• **Exercise prompt**: Among the records below, find the line that has "Foto del edificio"; from there, give the lines again exactly, and stop after the line that has "Runner Photo 4116363".
***** Records provided *****
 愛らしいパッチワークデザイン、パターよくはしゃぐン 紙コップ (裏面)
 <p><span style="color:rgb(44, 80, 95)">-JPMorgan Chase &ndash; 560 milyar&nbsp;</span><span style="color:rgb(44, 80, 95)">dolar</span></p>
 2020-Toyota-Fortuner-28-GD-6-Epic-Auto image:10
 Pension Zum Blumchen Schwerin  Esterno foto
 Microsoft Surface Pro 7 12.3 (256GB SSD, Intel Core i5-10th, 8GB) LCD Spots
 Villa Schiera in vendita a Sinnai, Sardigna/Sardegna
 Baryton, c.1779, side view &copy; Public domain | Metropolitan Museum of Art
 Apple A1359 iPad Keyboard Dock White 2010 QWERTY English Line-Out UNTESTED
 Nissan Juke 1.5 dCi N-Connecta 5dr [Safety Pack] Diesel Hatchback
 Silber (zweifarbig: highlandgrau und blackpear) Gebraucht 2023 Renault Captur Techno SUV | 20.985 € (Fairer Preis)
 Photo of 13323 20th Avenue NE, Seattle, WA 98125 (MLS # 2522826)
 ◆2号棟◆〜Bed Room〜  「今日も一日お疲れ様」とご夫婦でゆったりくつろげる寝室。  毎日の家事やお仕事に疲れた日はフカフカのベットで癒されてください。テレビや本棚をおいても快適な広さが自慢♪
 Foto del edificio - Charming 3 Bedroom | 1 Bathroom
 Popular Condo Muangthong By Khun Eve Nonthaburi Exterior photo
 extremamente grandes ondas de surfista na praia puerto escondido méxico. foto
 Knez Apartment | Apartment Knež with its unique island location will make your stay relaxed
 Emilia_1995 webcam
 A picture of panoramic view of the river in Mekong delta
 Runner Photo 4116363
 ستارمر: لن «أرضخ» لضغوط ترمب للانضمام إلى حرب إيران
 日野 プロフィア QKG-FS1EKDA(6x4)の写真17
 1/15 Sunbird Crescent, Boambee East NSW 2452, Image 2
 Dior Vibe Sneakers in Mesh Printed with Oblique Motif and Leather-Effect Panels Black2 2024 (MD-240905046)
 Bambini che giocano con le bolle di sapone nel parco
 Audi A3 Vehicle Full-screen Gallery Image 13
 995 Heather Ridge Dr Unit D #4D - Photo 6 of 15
*****
• **Exercise result**:
 Foto del edificio - Charming 3 Bedroom | 1 Bathroom
 Popular Condo Muangthong By Khun Eve Nonthaburi Exterior photo
 extremamente grandes ondas de surfista na praia puerto escondido méxico. foto
 Knez Apartment | Apartment Knež with its unique island location will make your stay relaxed
 Emilia_1995 webcam
 A picture of panoramic view of the river in Mekong delta
 Runner Photo 4116363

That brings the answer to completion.